Ensuite, il y a l’autonomie de l’instance politique : celle de l’Etat envers la société. Elle peut aller de la reconfiguration du pouvoir par des forces structurées (l’armée) à l’affirmation de l’autonomie des mouvements populaires, dont le jaillissement peut susciter une transformation du champ politique. L’issue finale dépendra de l’héritage «institutionnel» laissé par  un éventail de régimes et de modes de pouvoirs très divers dont il faudrait évaluer les éléments de force, de fragilité et de cohérence. Quels types de régimes sont les plus à même de changer? Les mouvements sociaux qui se déploient se réduiront-ils à une convulsion passagère? Seront-ils détournés en «révolutions passives» -selon la formule Gramsci-, manipulés par de nouveaux candidats au pouvoir autoritaire? Sans doute, si ces poussées ne suscitent pas de convergences entre les différentes composantes des forces de contestation et si elles ne trouvent pas d’expression intellectuelle et politique.  Quelles forces pourraient assurer ces dynamismes ? Si l’on se place dans une perspective sociologique, aucune classe n’a une assise économique suffisante. Aussi, les luttes ne se structurent-elles pas tant en fonction de rapports de production qu’en fonction des rapports avec l’Etat, opérateur principal de l’organisation sociale. L’islamisme a-t-il une aptitude à dépasser la seule contestation et à proposer un modèle crédible de société ? Lequel ? A l’exception de la Turquie, le bilan fait ressortir un impact effectif en ce qui concerne les mœurs mais bien peu d’innovations en matière économique et dans les rapports sociaux. C’est que l’intégrisme a subi désormais l’épreuve du pouvoir, en Iran ou ailleurs, et a du mal à gérer ses échecs. Mais un syncrétisme entre certains éléments du nationalisme arabe et de l’islam politique, une réélaboration idéologique des mythes mobilisateurs populistes est une autre possibilité. Verra-t-on la constitution de deux «blocs historiques», l’un se réclamant des affirmations identitaires, l’autre d’une démocratisation ? Le faible enracinement de la culture démocratique, la dépendance d’une grande partie de la société envers l’Etat bloqueront-ils les potentialités de renouveau ?
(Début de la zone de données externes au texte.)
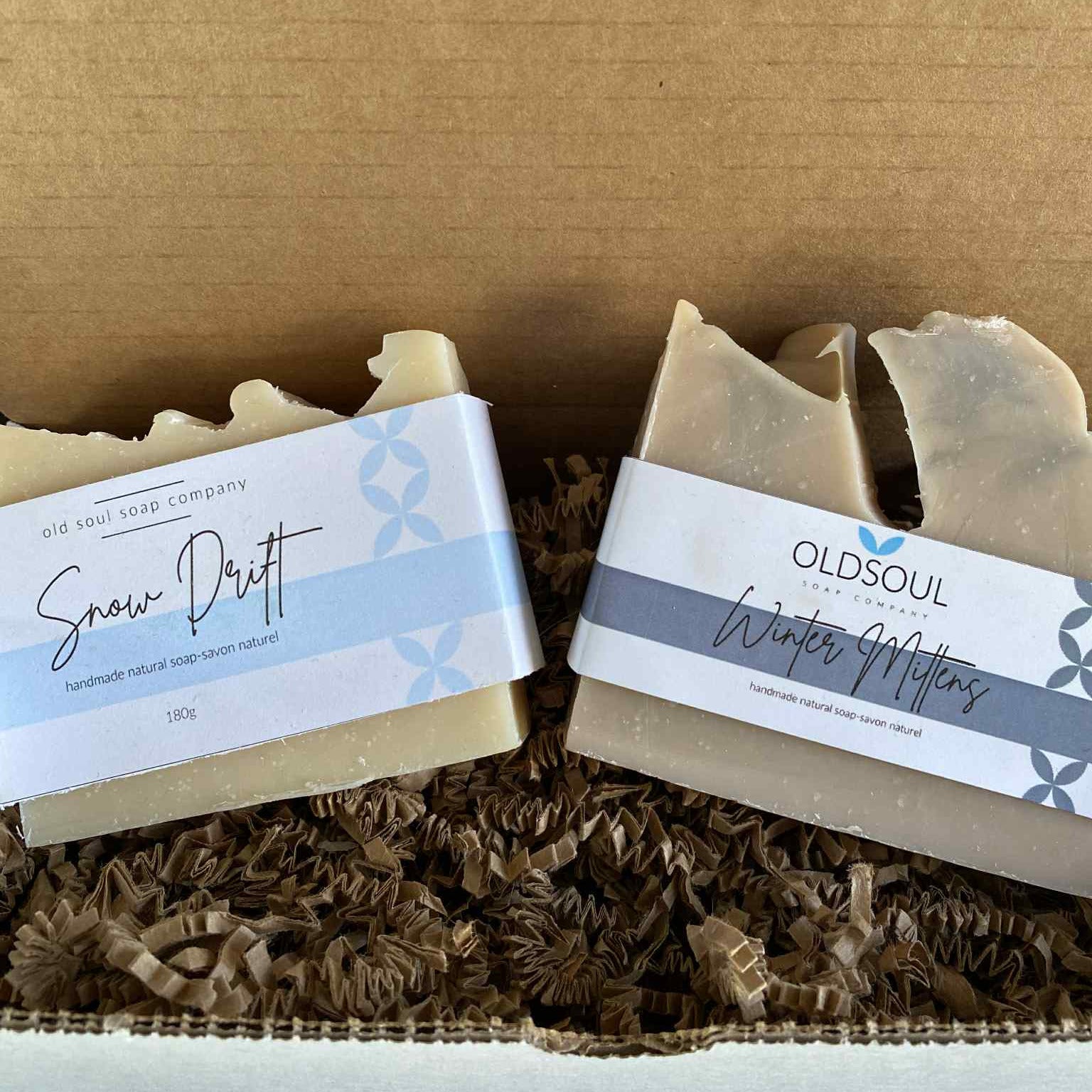 Winter Snow Soap Gift Set featuring four rectangular bar soaps with textured white, pale blue, and soft gray swirls, wrapped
Dans ce paysage complexe, trois scenarios contrastés peuvent être envisagés : D’abord le scénario de la reproduction d’un système autoritaire légèrement libéralisé: ses conditions favorables sont la faiblesse des oppositions, la solidité des soutiens extérieurs et le rôle structurant de l’armée. Cette reproduction dans l’inertie concernerait les pays qui bénéficierait des aides financières des grandes puissances ou des pays du Golfe, dont la population demeurerait structurée par les solidarités traditionnelles et où le gouvernement patriarcal perdurerait.   L’autre scénario plausible est une onde contestataire conjuguant les impasses du développement et de la régulation sociale avec une usure du capital de légitimité étatique. Les mouvements de contestation déboucheraient sans doute sur de nouvelles formes de populismes autoritaires. Le troisième scénario, plus optimiste, serait celui  d’un développement politique, au sens où la politologie américaine l’entend. Il exigerait à la fois une dynamique de croissance, une amélioration des niveaux de vie, l’émergence ou la consolidation de la société civile, une démocratisation des institutions et un renouvellement des groupes dirigeants. Au bout de ce panorama, l’imprévisibilité demeure la chose la mieux partagée. Sans doute parce que nous sommes dans une nouvelle période historique qui n’est plus celle de la Nahda, des libérations nationales, et parce que le monde arabe fait face, aujourd’hui, à une épreuve de vérité : sa capacité de construire une alternative démocratique à des systèmes autoritaires.